TERI pointed out in its brief that, in making the good-faith determination, some courts consider "whether the debtor has made a bona fide attempt to repay the loan and whether the debtor's misfortune was self-imposed by mismanagement of her financial affairs." Silliman, 144 B.R. at 751 (citing In re Briscoe, 16 B.R. 128, 131 (Bankr.S.D.N.Y. 1981)). With respect to the latter consideration, I do not think that a history of poor financial decisionmaking is relevant to the undue-hardship inquiry (except, of course, to the extent that the decisions are reflected in wasteful or excessive current expenses by the debtor, a factor already taken into account by Johnson's "good faith" test). Since that inquiry focuses primarily on the debtor's present and anticipated future circumstances, one might also question whether a "bona-fide attempt to repay the loan" before seeking the discharge in bankruptcy is an appropriate consideration. But even if I assume that it is, there is no indication here that the Debtor's failure to keep current on her loan payments reflects anything more than the fact that she simply was financially unable to do so. Lastly, I reject TERI's suggestion, arguably supported by Brunner v. New York State Higher Educ. Servs., 831 F.2d 395, 397 (2d Cir. 1987), to the effect that the Debtor's failure to seek a deferment or otherwise attempt to restructure the TERI loan payments evinces bad faith on her part. Cf. In re Powelson, 25 B.R. 274, 275 (Bankr.D.Neb. 1982) ("[D]efendant [lender] suggests that other avenues for payment of this [student] loan must be explored. . . . The defendant suggests renegotiation or deferment. I reject the suggestion that this Court superimpose on [§ 523(a)(8)] additional burdens.").

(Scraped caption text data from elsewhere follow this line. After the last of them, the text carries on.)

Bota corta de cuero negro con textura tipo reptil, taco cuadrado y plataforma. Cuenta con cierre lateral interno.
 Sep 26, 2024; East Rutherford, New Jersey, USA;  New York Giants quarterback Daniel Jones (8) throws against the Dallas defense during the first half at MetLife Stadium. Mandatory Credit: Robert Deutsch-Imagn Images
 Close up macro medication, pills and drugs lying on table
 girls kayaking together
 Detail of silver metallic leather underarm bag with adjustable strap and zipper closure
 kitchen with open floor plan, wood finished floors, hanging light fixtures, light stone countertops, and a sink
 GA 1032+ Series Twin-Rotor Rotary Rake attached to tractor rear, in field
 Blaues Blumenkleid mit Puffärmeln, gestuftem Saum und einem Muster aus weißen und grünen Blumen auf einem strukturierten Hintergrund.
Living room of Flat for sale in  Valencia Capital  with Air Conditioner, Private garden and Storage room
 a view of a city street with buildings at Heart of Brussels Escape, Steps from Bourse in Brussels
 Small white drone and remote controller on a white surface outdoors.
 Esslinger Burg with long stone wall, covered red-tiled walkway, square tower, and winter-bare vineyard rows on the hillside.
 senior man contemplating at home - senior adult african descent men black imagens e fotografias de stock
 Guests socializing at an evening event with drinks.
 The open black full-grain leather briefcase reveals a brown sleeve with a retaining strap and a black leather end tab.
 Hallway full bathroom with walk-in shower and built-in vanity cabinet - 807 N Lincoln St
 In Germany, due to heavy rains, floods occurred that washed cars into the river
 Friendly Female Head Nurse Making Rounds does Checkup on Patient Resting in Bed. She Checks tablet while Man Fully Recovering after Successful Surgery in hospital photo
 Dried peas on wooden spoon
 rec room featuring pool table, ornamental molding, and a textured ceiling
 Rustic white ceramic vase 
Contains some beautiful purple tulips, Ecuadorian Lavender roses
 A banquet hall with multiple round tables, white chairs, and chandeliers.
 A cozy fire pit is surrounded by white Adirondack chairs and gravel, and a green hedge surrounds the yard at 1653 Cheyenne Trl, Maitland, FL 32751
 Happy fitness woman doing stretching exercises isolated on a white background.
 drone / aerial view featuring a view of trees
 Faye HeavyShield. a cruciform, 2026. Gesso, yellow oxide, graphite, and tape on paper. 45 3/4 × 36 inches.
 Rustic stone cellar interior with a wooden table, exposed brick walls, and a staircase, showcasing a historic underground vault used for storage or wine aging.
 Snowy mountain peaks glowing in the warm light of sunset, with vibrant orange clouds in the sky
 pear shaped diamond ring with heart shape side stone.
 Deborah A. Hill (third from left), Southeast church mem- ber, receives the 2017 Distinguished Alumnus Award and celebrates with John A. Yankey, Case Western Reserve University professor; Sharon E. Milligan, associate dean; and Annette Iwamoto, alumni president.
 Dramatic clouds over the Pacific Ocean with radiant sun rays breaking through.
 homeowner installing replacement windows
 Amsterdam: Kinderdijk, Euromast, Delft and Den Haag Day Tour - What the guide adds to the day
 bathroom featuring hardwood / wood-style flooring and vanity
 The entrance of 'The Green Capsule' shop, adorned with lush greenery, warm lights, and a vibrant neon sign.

The third and final prong of the Johnson test calls for a two-part inquiry: whether "the dominant purpose of the bankruptcy petition was to discharge the student debt," and whether "the debtor has definitely benefited financially from the education which the loan helped to finance." Johnson, 5 B.C.D. at 544. But for the reasons stated in Courtney, supra, this "policy" test is inappropriate and thus will not be applied. See Courtney, 79 B.R. at 1013 ("The policy test . . . goes beyond the language of [§ 523(a)(8)], and requires the Court to often indulge in all kinds of conjecture and speculation which often leads to conflicting and inequitable results based on many subjective factors."); see also In re Roberson, No. 92-2103, 1993 U.S. App. LEXIS 18517, at *13 (7th Cir. July 20, 1993) ("If the leveraged investment of an education does not generate the return the borrower anticipated, the student, not the taxpayers, must accept the consequences of the decision to borrow."); In re Silliman, 144 B.R. 748, 752 (Bankr.N.D.Ohio 1992) (refusing to consider "the benefit the debtor derived from the education financed by the student loans"); In re Bryant, 72 B.R. 913, 915 n. 2 (Bankr.E.D.Pa. 1987) ("[T]he fact that the Debtor seeks to discharge almost exclusively student loan obligations in his bankruptcy should be irrelevant . . . in a § 523(a)(8)(B) analysis.").
Because the Debtor meets the first two prongs of the Johnson test, I conclude that the debts at issue here are dischargeable under the undue-hardship exception provided by § 523(a)(8)(B). A judgment shall enter for the Debtor.